Минтимер Шарипович Шаймиев,
Первый Президент Республики Татарстан
Государственный Советник Республики Татарстан
Герой Труда Российской Федерации
Начало Великой Отечественной войны - одно из моих самых ранних воспоминаний: 1941 год, жаркое лето, начало войны, проводы отца на фронт… Меня посадили в тарантас. Там папа, его друзья — несколько человек, они прощались: с песнями объезжали улицы нашей деревни Аняк, и поселка Поисево — районного центра, который был рядом, в полутора километрах. Отец меня, четырехлетнего, посадил на колени, дал мне в руки гармошку. Не знаю, чей это был инструмент, но помню: они песни поют, а я пытаюсь нажимать на кнопочки гармошки. С неимоверной силой пытаюсь растянуть меха и “играть” в такт их песни. Я был весь поглощен игрой на гармошке. Может, поэтому не было мрачных чувств, из-за того, что отец уезжает на фронт. По-видимому, я над этим и не задумывался и уж тем более не мог знать, что далеко не все из тех, кто уходят на фронт, потом возвращаются…
Смутно помню, когда отец прибыл с фронта. Появился он как-то вдруг, мама увидела, вскрикнула, обрадовалась. Ну, а нам, детям, было просто весело. Папа вернулся — будто выезжал ненадолго из дома…
Отца в 1942 году тяжело ранило в боях под Москвой, он воевал в 352-й стрелковой дивизии. После госпиталя комиссовали «подчистую». И он, теперь уже инвалид — кисть правой руки вовсе не действовала — вернулся домой. До войны он был во главе колхоза, после возвращения его опять избрали председателем. Оказалось, что руководить колхозом можно и инвалиду — время-то военное. Не руки тут главное, а голова. Со временем, после усиленных тренировок неизбежным крестьянским трудом, подвижность пальцев постепенно начала возвращаться. Произошло частичное восстановление функций правой руки: двумя пальцами даже удавалось что-то схватить и держать.

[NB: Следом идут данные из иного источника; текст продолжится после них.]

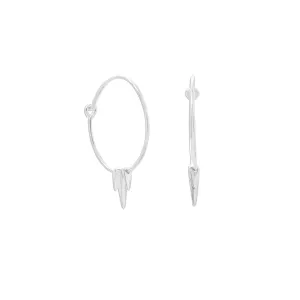 Polished Wire Hoops with Spikes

Особого настроения у папы не было, видимо, все пережитое в боях под Москвой и положение в тылу оставили свой отпечаток и толкали на грустные размышления. О войне он и потом не особо любил говорить. От чего — не знаю. Я и сам особо не увлекался военными фильмами и книгами.
У нас был глухой тыл. Но и тут мы жили в постоянных сражениях. С голодом — это, прежде всего. Уж не знали, что и придумать, чтобы хоть как-то его заглушить. Маме приходилось постоянно что-то съестное изобретать, причем из предметов, которые сегодня, пожалуй, язык не повернется назвать продуктами. Оказалось, что хлеб, к примеру, можно делать из… лебеды с добавлением отрубей и картофельной кожуры. Получалась тяжелая, черная, липкая масса, которую ели и просили еще. Но и такого “хлеба” на всех не хватало.
К весне до того люди оголодали, что все ребра, особенно у детей, можно было пересчитывать. Страшное зрелище! Лица осунулись, скулы заострились, карандашами торчали носы. Мы со старшим братом Хантимером весной, как только появлялась возможность, как и все сельчане, перекапывали огород — вдруг, что осталось съестного?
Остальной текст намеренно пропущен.